Amiri gave a brief speech to say, Thank You, and to say the future had started. The struggle wasn’t over, but the promise of its continuity and win were now a sure path. I was pleased to hear that. Sometimes old folks will say ‘Things are over,’ which isn’t true. I was glad he blessed the future and said we were going on. At 75 he was still hitting the gong. I hoped nobody would blow us this time, or if an attempt was made, we would snip it in the bud. Prevent the fatal. We are never far away from a revolution…
And there was this dear old man whose name I didn’t catch. He recited a poem for Amiri and said he had been working on the poem for fifteen years (to that I bowed) and now he was gray haired and all, but still had his shining teeth and long silvery cutey beard. He read the poem which indeed showed the maturity of many years like a mellowed oaky wine. It was a comfort. I garnered the sense that so long as one is an artist, it doesn’t really matter how many years it takes to finish a project. Just keep on refining and refining and the audience will have no doubts! It turns out a polished performance. I loved that old man who had worked on his poem for fifteen years. He told us that the poem had even grown long it was now 150 pages but he read only a portion of it.
We all came loose with tingling and shaking when the didgeridoos started doing their ‘magic’. Boy, it was something! The dead arose, like Sekou Sundiata, the revolutionaries… It took the didgeridoos to do that. Never underestimate the spiritual power when it meets intellectual and artistic purpose in a full house of social gathering.

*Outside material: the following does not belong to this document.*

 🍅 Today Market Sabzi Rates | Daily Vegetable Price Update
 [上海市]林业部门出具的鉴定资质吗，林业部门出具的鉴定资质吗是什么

I will skip the part about the food, the wine, the champagne and continued celebrations. I will instead get back on the road, back to Syracuse where I spent the next day fighting not to be depressed. This sometimes happens when I’ve been exposed to ‘high explosives,’ what Arthur calls First Strings, including him, though he will not accept he is one of the First Strings, to me he will always be First String. So back I was feeling mighty low, and trying to find a cure for my lowness by tracing cause. I do that a lot. Am my own psychologist. That’s when I discovered I had hit highest and there’s a mental price for that. Do I have regrets? Noooo! I would go back again to be among the elders, to watch first, second and third generations of griots, young, old, intemediaries, and pay back with a headache and a cup of depression for one day. I would do it again to celebrate Amiri’s 75 and watch him dance away the blues. The bad dreams. And welcome the future.